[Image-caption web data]
Segment Open

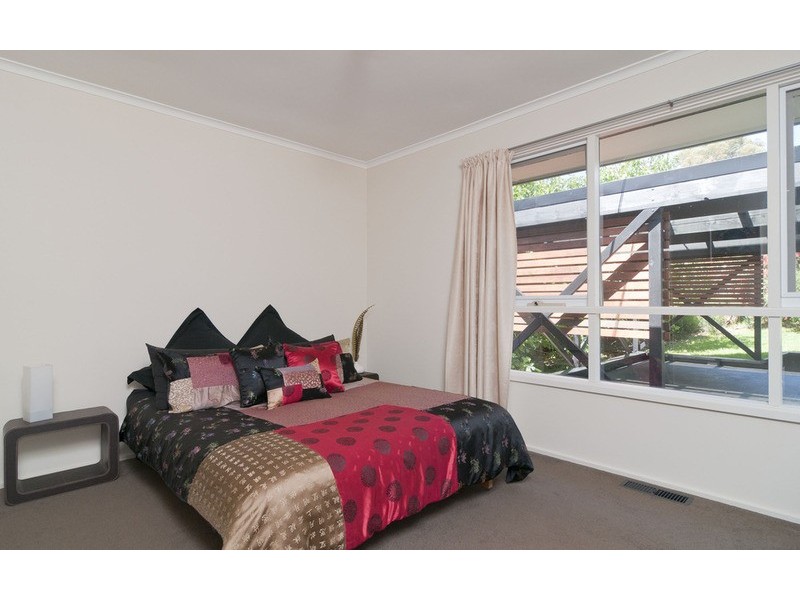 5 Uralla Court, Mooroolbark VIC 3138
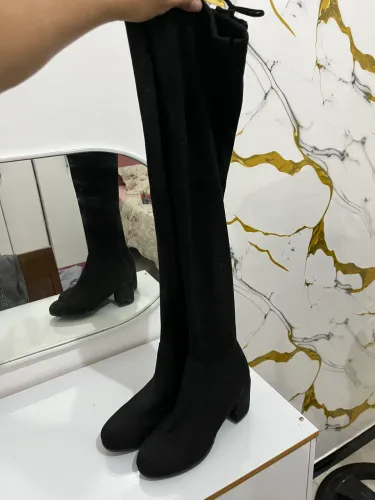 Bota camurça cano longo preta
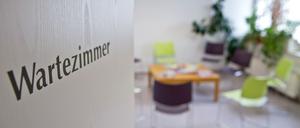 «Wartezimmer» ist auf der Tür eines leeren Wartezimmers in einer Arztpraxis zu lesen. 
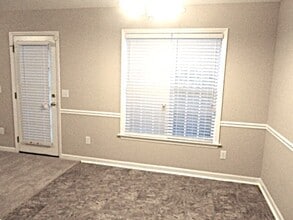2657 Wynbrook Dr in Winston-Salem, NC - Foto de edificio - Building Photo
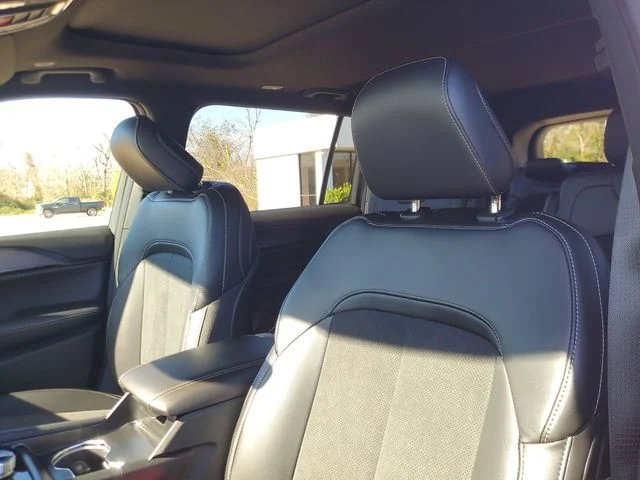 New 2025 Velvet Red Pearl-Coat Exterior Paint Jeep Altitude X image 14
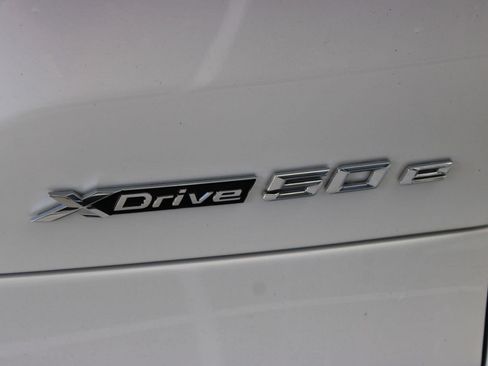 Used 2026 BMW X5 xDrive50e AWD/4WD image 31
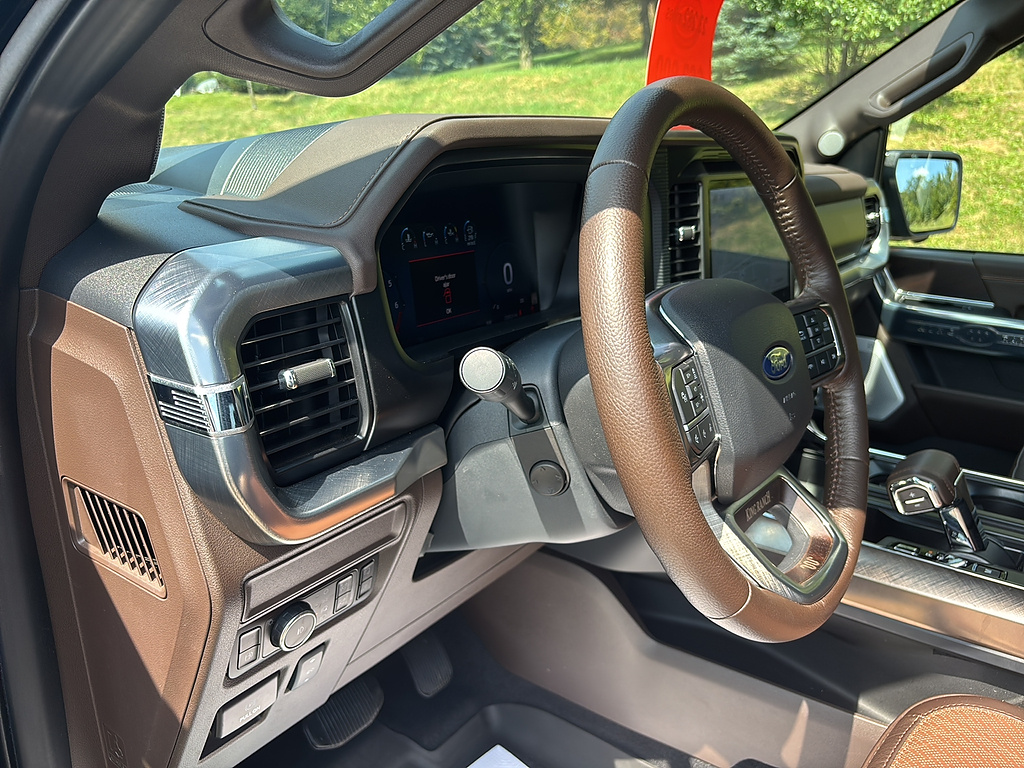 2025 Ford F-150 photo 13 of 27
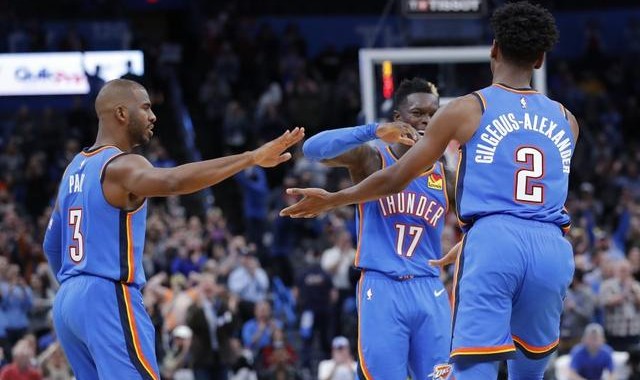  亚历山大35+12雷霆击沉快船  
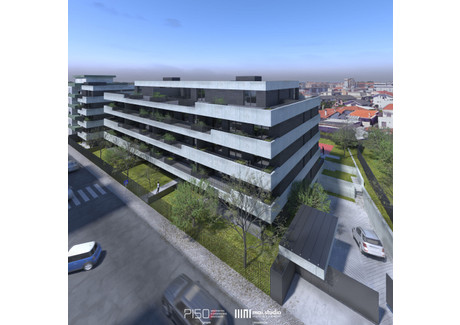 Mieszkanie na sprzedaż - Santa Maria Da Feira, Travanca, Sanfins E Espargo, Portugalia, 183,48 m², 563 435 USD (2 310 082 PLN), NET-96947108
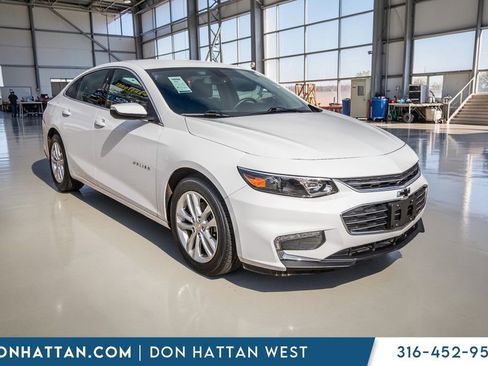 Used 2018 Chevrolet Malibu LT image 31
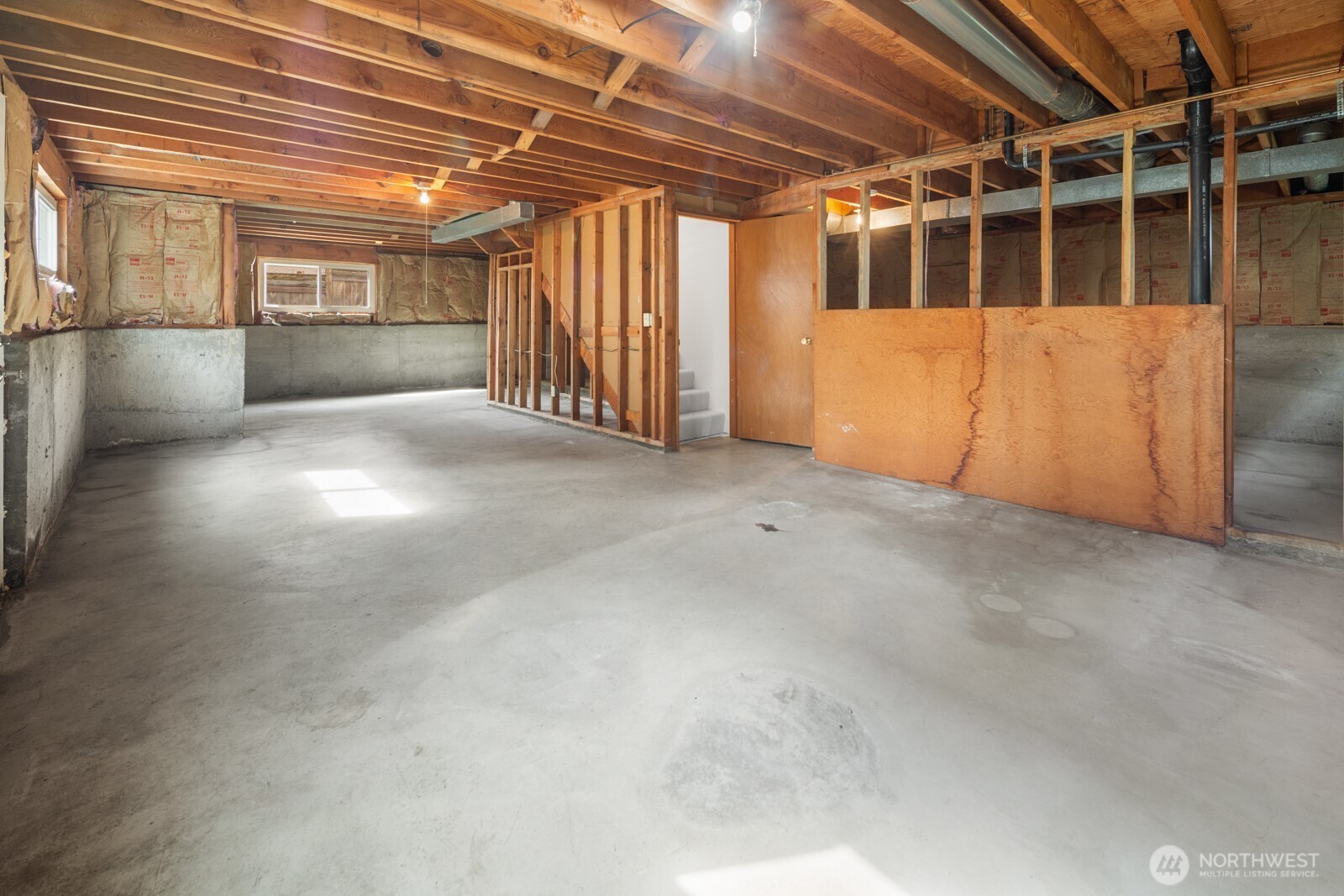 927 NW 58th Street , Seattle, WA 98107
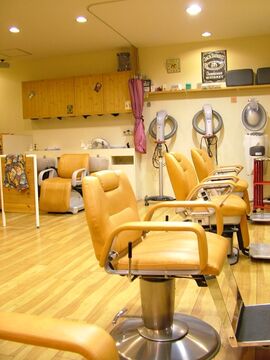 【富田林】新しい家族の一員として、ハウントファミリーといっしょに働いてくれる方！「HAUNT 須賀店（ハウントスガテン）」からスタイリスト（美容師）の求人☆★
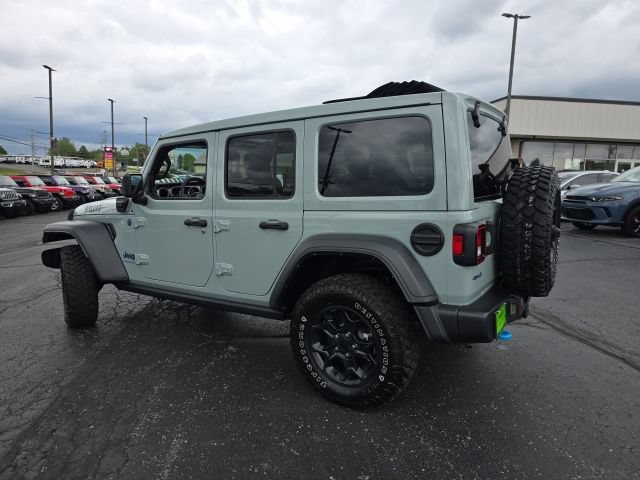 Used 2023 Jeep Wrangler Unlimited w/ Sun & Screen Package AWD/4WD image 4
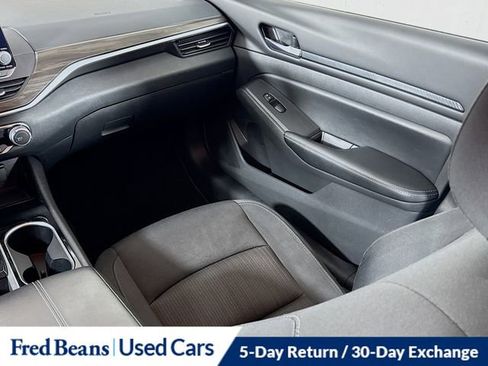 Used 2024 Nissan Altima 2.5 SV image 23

Segment Closed

# [Work to be completed]
Give the entries again, exactly and in full, with no image included.

# [The answer]
 5 Uralla Court, Mooroolbark VIC 3138
 Bota camurça cano longo preta
 «Wartezimmer» ist auf der Tür eines leeren Wartezimmers in einer Arztpraxis zu lesen. 
2657 Wynbrook Dr in Winston-Salem, NC - Foto de edificio - Building Photo
 New 2025 Velvet Red Pearl-Coat Exterior Paint Jeep Altitude X image 14
 Used 2026 BMW X5 xDrive50e AWD/4WD image 31
 2025 Ford F-150 photo 13 of 27
  亚历山大35+12雷霆击沉快船  
 Mieszkanie na sprzedaż - Santa Maria Da Feira, Travanca, Sanfins E Espargo, Portugalia, 183,48 m², 563 435 USD (2 310 082 PLN), NET-96947108
 Used 2018 Chevrolet Malibu LT image 31
 927 NW 58th Street , Seattle, WA 98107
 【富田林】新しい家族の一員として、ハウントファミリーといっしょに働いてくれる方！「HAUNT 須賀店（ハウントスガテン）」からスタイリスト（美容師）の求人☆★
 Used 2023 Jeep Wrangler Unlimited w/ Sun & Screen Package AWD/4WD image 4
 Used 2024 Nissan Altima 2.5 SV image 23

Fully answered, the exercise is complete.